Why Delaware Is The Best Jurisdiction for Actors and Creatives
Census figures indicate that between 2010 and 2015, about five million people moved to a different state every year. With that much interstate migration going on, it makes sense to consider carefully what state a corporation should be formed in, especially if the owner knows that a move may be likely in the near future.
For example, suppose you are a writer, screenwriter, or actor who currently lives in New York, but does work in California and thinks a move to California may be in the cards sooner rather than later. It makes sense to incorporate, but the question is where? Your best option is to form a Delaware corporation, and here’s why.
The obvious choice is to incorporate in New York since that is where you’re already located. You form the corporation in the state where you have to file corporate tax returns and pay franchise taxes. But what happens when you move to California? You can keep the New York corporation, but you’ll still have to file corporate tax returns and pay what could be substantial taxes just “[f]or the privilege of exercising [your] corporate franchise” in New York. You’ll also have to register your New York corporation as a foreign corporation doing business in California, and then start filing tax returns and paying franchise taxes there, too.
What about dissolving the New York corporation and forming a new corporation in California? You could do that, but the transaction costs are increased. And you’re starting over with a new tax identification number, new bank account, etc., and the logistics of assigning rights (e.g., royalty payment streams) to the new corporation are substantial. You could also form a new corporation in California and then merge the New York corporation into the California corporation. But you have the same practical problems as with dissolving the old corporation and forming a new one, and the transaction costs are even higher. Finally, California allows a foreign corporation to be “converted” into a California corporation, but only if such a conversion is authorized by the laws of the state of incorporation. New York does not allow any conversions, so that is not even an option in our scenario (or the reverse scenario of a California to New York move).
Here is the better alternative: form your corporation in Delaware from the outset, then qualify the corporation to do business in New York. There is an increased transaction cost at the beginning, since you have to file formation papers in Delaware and qualification papers in New York. But you more than get that back when you move to California, at which time all you have to do is surrender the corporation’s authority to do business in New York and have the corporation registered to do business as a foreign corporation in California. You were going to do that in our first scenario anyway, and it’s a much cheaper option than either (1) forming a new corporation and dissolving the old one, or (2) forming a new corporation and merging the old one into it.
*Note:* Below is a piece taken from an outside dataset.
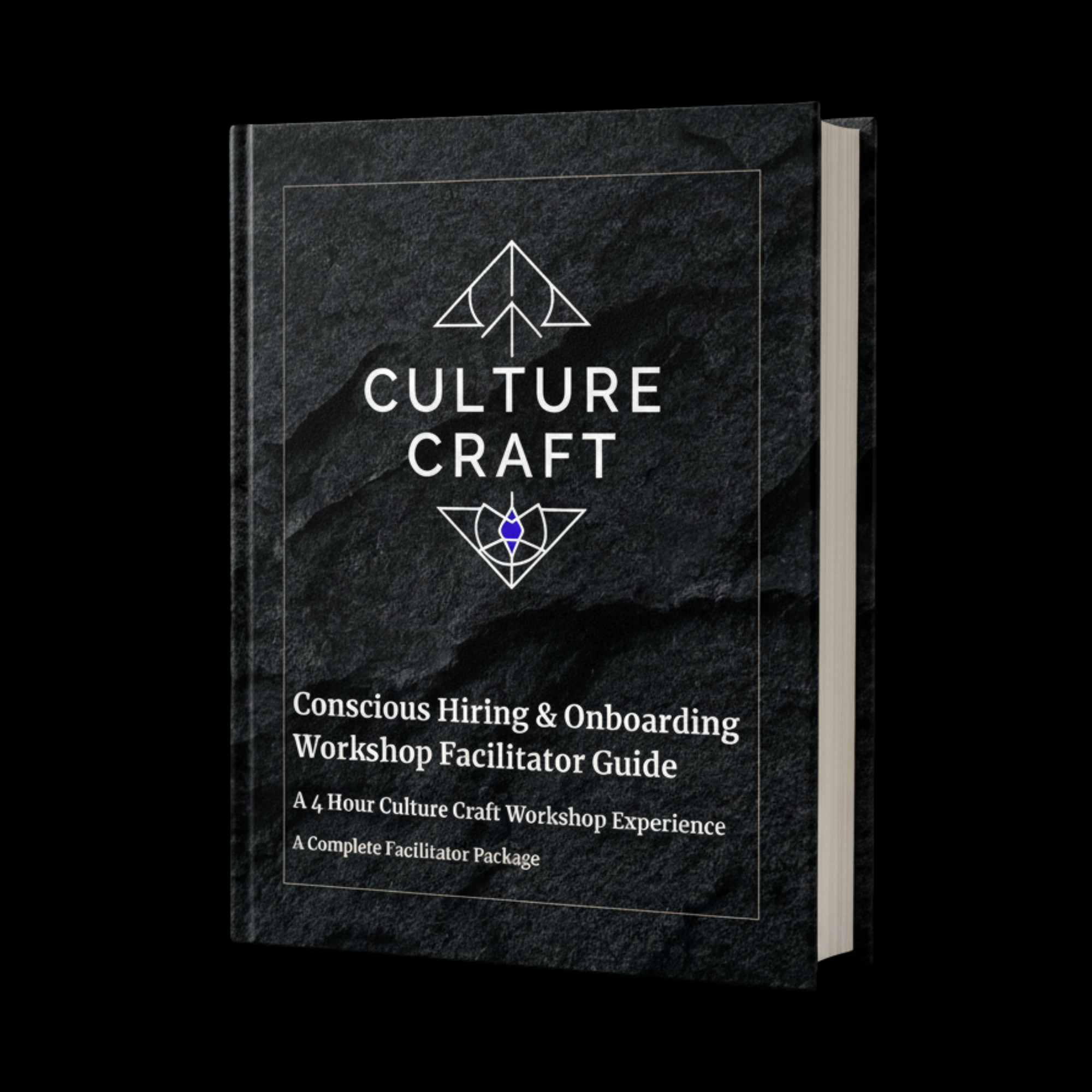 1. Facilitator Guide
And you’re avoiding the practical problems associated with both of those options.
Another cost associated with starting out in Delaware is that you have to pay Delaware’s annual franchise tax even though you haven’t even moved yet. But the tax is relatively modest, with a minimum of $225 (a $50 fee for filing the annual report and a minimum franchise tax of $175). And you once again more than make that up after you move from New York to California. In our first scenario, you end up filing corporate tax returns and paying taxes in New York and California, both of which work out to be much more than the $225 annual franchise tax and report fee in Delaware. But if you form a corporation in Delaware and don’t actually do business there, then the $225 annual franchise tax and report fee is all you have to pay to Delaware, since corporations that maintain a statutory corporate office in Delaware but do not do business within the state are exempt from taxation there.
In sum, there are some increased costs at the beginning if you form your corporation in Delaware while registering the corporation to do business elsewhere. But if you think there is a good chance that you will be moving your business to another state sometime, then forming a Delaware corporation is a great option for eliminating most of the hassle from what could otherwise be a costly and complicated process.
See id. §§ 502, 503. The annual franchise tax is $175 where the corporation’s authorized capital stock does not exceed 5,000 shares, and $250 where the authorized capital stock exceeds 5,000 shares but is not more than 10,000 shares, plus $75 on each additional 10,000 shares or part thereof. Id. § 503(a)(1). With the small corporations we are talking about, there is no reason to authorize more than 5,000 shares of capital stock.
See id. tit. 30, § 1902(b)(6); R. Franklin Balotti & Jesse A. Finkelstein, Delaware Law of Corporations and Business Organizations § 18.12, 2006 WL 2455671 (3d ed. 2016). Delaware corporations that don’t do business there are also exempt from business license fees and gross receipts tax. Balotti & Finkelstein, supra, § 18.12. You also have to maintain a registered agent for service of process in Delaware, but that is true of any state in which you form a corporation or register a foreign corporation to do business, although New York does give you the option of allowing the Secretary of State to act as your sole agent for service of process. See Cal. Corp. Code §§ 1502(b), 2105(a)(5); Del. Code Ann. tit. 8, § 132; N.Y. Bus. Corp. Law §§ 304, 305.